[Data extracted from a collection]
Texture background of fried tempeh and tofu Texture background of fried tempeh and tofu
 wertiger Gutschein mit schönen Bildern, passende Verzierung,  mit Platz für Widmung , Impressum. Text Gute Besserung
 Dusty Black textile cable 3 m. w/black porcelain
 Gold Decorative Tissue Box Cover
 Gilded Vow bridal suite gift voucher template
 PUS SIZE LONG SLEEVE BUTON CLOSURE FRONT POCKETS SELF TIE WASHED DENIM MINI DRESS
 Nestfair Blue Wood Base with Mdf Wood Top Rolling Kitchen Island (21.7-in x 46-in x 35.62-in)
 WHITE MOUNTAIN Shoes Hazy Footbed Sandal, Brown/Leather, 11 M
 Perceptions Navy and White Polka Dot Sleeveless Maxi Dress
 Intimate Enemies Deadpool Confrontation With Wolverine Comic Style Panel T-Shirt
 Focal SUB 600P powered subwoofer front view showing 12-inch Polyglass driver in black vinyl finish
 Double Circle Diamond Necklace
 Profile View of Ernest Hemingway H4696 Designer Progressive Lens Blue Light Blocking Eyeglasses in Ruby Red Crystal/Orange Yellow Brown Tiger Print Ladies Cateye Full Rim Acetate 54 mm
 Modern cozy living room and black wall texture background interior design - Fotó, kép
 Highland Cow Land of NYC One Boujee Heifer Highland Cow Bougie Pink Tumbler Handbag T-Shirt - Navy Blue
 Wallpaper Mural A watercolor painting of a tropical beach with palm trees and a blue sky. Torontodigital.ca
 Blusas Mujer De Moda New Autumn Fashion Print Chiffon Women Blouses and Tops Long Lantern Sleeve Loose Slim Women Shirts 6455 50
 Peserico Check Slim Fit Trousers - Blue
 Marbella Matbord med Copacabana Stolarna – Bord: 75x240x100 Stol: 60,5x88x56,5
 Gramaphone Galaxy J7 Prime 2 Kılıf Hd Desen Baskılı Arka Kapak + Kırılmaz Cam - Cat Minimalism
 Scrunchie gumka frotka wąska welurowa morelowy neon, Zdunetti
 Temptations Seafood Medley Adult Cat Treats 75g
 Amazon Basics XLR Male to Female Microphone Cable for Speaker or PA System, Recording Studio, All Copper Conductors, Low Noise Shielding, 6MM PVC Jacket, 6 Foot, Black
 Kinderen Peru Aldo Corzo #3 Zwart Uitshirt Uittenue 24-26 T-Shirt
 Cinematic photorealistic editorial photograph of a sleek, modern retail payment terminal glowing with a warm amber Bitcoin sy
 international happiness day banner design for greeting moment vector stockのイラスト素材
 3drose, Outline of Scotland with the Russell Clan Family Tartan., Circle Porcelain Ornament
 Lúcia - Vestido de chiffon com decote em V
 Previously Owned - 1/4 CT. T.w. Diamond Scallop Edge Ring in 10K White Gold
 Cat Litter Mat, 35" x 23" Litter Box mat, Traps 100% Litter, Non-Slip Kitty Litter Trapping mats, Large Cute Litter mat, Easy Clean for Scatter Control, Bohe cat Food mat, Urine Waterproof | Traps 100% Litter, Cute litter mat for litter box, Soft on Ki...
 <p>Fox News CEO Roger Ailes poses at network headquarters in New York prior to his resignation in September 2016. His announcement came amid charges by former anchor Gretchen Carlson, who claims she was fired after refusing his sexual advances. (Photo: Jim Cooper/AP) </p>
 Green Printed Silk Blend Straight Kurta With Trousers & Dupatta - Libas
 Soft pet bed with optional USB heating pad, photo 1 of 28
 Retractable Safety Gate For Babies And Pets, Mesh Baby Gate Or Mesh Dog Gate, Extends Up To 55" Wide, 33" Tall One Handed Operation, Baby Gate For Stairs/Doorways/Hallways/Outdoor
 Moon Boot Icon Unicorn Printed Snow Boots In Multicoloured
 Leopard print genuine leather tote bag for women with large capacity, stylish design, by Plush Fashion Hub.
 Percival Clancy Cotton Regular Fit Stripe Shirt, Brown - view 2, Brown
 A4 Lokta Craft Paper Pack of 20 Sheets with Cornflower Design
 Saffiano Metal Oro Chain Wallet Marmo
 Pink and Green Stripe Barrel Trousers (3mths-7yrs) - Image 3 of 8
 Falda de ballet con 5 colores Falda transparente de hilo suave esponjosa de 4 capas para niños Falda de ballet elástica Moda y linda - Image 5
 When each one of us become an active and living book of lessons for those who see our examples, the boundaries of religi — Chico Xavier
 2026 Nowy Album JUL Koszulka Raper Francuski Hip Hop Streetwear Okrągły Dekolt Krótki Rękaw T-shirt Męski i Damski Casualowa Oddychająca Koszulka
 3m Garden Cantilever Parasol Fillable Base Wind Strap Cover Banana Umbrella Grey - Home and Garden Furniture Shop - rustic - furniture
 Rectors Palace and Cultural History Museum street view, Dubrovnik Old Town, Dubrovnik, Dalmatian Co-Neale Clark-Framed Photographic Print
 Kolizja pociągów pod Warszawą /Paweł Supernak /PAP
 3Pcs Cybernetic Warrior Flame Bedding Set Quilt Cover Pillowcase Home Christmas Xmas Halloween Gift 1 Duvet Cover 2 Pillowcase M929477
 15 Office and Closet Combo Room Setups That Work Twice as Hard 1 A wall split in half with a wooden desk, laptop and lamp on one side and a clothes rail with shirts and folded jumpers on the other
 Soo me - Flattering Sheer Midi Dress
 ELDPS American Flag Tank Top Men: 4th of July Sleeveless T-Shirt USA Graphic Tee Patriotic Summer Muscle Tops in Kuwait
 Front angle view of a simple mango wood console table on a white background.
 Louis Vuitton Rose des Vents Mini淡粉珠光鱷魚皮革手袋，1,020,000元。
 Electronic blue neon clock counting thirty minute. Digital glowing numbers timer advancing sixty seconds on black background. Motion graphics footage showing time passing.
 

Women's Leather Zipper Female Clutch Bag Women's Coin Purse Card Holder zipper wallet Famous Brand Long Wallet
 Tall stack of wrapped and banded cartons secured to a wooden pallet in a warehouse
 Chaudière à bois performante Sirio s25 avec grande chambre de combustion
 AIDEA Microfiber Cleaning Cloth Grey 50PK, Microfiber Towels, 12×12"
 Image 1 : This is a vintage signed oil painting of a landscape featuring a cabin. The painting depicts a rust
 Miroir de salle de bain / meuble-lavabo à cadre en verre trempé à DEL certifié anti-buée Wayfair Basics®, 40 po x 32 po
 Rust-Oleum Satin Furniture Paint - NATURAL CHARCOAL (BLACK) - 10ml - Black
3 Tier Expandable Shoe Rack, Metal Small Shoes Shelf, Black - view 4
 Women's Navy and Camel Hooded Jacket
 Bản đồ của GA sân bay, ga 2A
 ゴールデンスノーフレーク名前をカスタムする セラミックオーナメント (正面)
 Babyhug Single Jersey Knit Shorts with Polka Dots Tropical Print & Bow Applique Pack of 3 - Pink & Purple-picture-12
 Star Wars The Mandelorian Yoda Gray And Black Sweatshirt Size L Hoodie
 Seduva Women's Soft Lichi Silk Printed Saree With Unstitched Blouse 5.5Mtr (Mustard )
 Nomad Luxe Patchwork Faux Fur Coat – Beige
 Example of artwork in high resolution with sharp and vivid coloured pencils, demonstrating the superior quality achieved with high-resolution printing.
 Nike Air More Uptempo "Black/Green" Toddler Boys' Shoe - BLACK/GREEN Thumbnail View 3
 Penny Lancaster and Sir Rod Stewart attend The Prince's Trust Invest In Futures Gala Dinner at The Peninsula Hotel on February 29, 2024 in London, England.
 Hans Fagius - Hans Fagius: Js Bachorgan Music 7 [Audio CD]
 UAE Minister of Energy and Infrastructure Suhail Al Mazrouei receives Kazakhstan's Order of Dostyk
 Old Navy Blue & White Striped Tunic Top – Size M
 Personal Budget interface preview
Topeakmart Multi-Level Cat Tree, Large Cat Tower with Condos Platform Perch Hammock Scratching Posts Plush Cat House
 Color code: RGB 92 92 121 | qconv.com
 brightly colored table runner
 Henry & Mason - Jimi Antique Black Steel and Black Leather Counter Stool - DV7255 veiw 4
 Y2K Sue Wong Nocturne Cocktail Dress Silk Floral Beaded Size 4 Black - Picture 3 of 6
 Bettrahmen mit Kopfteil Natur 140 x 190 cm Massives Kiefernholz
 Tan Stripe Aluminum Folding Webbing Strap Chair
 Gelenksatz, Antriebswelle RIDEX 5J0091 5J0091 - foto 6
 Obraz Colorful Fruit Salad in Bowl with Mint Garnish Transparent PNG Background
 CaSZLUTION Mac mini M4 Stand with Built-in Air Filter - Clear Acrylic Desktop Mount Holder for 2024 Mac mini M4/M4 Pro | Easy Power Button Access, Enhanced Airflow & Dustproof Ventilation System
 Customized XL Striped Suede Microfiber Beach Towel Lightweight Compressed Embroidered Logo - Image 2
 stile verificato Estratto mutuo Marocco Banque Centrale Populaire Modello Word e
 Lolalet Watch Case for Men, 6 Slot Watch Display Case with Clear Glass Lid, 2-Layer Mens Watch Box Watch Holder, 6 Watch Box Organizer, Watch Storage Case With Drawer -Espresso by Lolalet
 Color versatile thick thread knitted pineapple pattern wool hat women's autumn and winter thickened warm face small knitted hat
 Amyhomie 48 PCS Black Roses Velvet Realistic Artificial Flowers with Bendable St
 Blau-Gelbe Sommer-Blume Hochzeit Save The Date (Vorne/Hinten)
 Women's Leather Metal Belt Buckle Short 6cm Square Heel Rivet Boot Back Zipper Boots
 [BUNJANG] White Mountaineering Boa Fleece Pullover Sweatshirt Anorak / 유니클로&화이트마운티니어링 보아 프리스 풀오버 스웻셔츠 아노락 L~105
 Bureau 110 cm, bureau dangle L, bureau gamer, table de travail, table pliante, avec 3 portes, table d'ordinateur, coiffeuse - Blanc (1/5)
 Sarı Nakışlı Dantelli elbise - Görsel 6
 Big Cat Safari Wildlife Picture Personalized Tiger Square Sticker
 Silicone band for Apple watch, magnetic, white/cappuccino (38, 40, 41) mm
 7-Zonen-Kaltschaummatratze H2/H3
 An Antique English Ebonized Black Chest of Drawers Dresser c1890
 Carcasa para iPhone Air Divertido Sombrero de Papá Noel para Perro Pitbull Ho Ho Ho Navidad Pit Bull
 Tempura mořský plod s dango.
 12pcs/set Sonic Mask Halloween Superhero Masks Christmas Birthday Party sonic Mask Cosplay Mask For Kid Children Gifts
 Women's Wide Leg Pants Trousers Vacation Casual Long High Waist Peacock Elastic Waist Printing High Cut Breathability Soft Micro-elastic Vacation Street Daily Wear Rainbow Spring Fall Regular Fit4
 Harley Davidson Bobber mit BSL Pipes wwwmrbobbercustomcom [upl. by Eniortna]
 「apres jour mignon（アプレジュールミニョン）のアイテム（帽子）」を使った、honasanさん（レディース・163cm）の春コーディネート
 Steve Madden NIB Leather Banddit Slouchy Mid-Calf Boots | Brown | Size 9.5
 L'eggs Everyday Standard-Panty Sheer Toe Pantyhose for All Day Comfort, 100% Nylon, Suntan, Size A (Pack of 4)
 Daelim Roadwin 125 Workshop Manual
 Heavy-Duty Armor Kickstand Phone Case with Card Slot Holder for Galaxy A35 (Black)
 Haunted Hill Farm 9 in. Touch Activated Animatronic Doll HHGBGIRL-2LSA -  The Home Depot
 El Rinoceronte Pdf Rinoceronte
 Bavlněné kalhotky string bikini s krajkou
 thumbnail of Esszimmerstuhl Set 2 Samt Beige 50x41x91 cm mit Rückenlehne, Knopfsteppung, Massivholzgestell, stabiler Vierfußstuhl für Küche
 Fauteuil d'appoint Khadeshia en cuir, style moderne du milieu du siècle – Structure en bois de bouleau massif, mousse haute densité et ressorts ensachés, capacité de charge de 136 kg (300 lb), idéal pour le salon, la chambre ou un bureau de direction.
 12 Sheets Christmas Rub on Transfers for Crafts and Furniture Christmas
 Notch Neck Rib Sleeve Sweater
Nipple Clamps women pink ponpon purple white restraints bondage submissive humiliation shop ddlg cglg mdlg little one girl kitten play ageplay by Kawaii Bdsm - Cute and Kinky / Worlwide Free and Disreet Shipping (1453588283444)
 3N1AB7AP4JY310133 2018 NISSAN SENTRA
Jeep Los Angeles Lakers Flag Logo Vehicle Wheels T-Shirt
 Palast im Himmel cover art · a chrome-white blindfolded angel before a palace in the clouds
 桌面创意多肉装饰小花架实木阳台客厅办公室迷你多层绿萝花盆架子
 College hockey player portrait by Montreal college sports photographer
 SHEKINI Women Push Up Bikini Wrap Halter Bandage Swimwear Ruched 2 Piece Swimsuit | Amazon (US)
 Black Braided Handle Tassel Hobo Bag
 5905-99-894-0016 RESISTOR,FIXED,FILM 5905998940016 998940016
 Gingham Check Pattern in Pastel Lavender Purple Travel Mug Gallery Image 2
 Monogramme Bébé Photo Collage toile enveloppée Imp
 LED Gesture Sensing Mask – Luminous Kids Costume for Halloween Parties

Work item: Restate word for word the lines of the data above, starting at the line containing "Double Circle Diamond Necklace" and ending at the line containing "Modern cozy living", both included, and nothing more.

Answer section:
 Double Circle Diamond Necklace
 Profile View of Ernest Hemingway H4696 Designer Progressive Lens Blue Light Blocking Eyeglasses in Ruby Red Crystal/Orange Yellow Brown Tiger Print Ladies Cateye Full Rim Acetate 54 mm
 Modern cozy living room and black wall texture background interior design - Fotó, kép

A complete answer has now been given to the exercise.